Aplicaciones estratégicas del condicionamiento clásico

Los primeros teóricos del condicionamiento clásico consideraban los organismos como entidades relativamente pasivas, a quienes se podía enseñar ciertas conductas a través de la repetición (el condicionamiento). En el lenguaje cotidiano, la palabra condicionamiento ha llegado a significar una respuesta automática ante una situación determinada, provocada por la exposición repetida.

El filósofo ruso Iván Pavlov fue el primero que describió los reflejos condicionados y propuso un modelo general para explicar como ocurre el aprendizaje. Según la teoría Pavloviana, el aprendizaje condicionado se presenta cuando un estímulo que va asociado con otro estimulo, el cual produce una respuesta conocida, es suficiente para generar la misma respuesta cuando se utiliza por sí solo.

Pavlov demostró lo que quería decir con el aprendizaje condicionado en sus estudios con perros. Genéticamente, los perros muestran una gran motivación para comer. En un experimento Pavlov, hacía sonar la campana e inmediatamente después colocaba un pedazo de carne (estimulo no condicionado) en la lengua de los perros, lo cual inducia en estos la salivación.

El aprendizaje (condicionamiento) se produjo cuando, después de un número de repeticiones suficiente donde el sonido de la campana (estimulo condicionado) era seguido casi inmediato por el suministro del alimento.  El solo sonido de la campana por si solo indujo la salivación de los perros.

En el contexto del comportamiento del consumidor, un estímulo no condicionado seria algún símbolo de marca bien conocida, por ejemplo una crema dental que por un largo periodo de aprendizaje los consumidores consideren la mejor opción contra la caries, los estímulos condicionados podría ser las diferentes versiones del dentífrico, cepillos dentales, hilos limpiadores y enjuagues bucales.

Cabe destacar que en el comportamiento clásico se derivan tres elementos básicos: repetición, generalización del estímulo y discriminación entre estímulos. Cada uno de estos elementos resulta importante para las aplicaciones estratégicas del conocimiento respecto al consumidor.

Repetición: la repetición aumenta la fuerza de asociación entre un estímulo condicionado y un estímulo no condicionado, y vuelve más lento el proceso del olvido. Sin embargo hay un límite en el número de repeticiones que le ayudaran a la retención.

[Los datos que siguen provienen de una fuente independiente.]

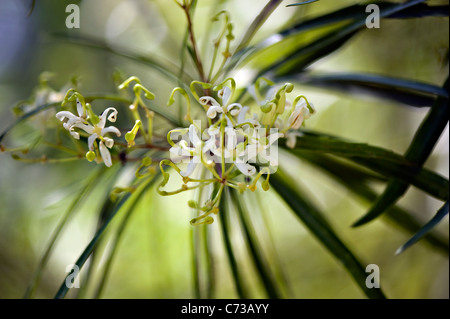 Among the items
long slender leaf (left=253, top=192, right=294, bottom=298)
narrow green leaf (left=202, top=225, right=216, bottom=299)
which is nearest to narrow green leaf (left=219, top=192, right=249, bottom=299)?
narrow green leaf (left=202, top=225, right=216, bottom=299)

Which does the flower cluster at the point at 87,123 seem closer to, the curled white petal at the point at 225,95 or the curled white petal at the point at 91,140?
the curled white petal at the point at 91,140

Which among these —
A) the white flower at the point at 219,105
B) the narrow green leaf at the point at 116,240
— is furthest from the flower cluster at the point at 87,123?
the narrow green leaf at the point at 116,240

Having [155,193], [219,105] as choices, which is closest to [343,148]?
→ [219,105]

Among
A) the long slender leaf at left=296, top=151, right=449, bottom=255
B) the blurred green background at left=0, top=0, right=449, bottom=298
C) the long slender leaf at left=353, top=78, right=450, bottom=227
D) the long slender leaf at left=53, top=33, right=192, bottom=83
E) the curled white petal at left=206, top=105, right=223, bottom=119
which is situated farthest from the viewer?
the blurred green background at left=0, top=0, right=449, bottom=298

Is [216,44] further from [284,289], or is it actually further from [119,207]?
[284,289]

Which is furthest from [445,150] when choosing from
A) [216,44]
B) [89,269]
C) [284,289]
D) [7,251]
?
[7,251]

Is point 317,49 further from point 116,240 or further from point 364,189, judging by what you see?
point 116,240

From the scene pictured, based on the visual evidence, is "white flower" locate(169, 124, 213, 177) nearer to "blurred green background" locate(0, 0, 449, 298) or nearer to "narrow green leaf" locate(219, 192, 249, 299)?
"narrow green leaf" locate(219, 192, 249, 299) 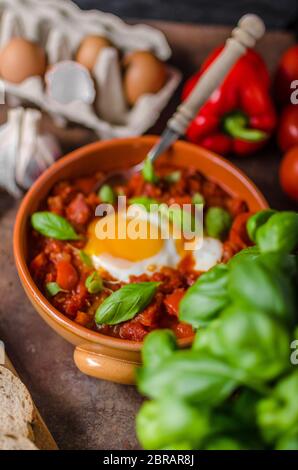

Generalización del estímulo: el aprendizaje, de acuerdo a investigaciones, no depende únicamente de la repetición sino de la capacidad de los individuos para genera generalizaciones. Pavlov descubrió que un perro era capaz de aprender a salivar no solo al oír el sonido de la campana; sino también con otro sonido, un tanto similar, agitando un manojo de llaves. Los mercadólogos aplican el principio de generalización en extensiones de línea y la categoría de productos.

Discriminación entre estímulos: la discriminación entre los estímulos es el caso opuesto de le generalización entre estímulos y trae como resultado la selección de un estímulo especifico entre varios similares. El objetivo fundamental de una estrategia de posicionamiento es logar que el consumidor diferencie entre estímulos similares, al establecer una imagen única para una marca en la mente del consumidor.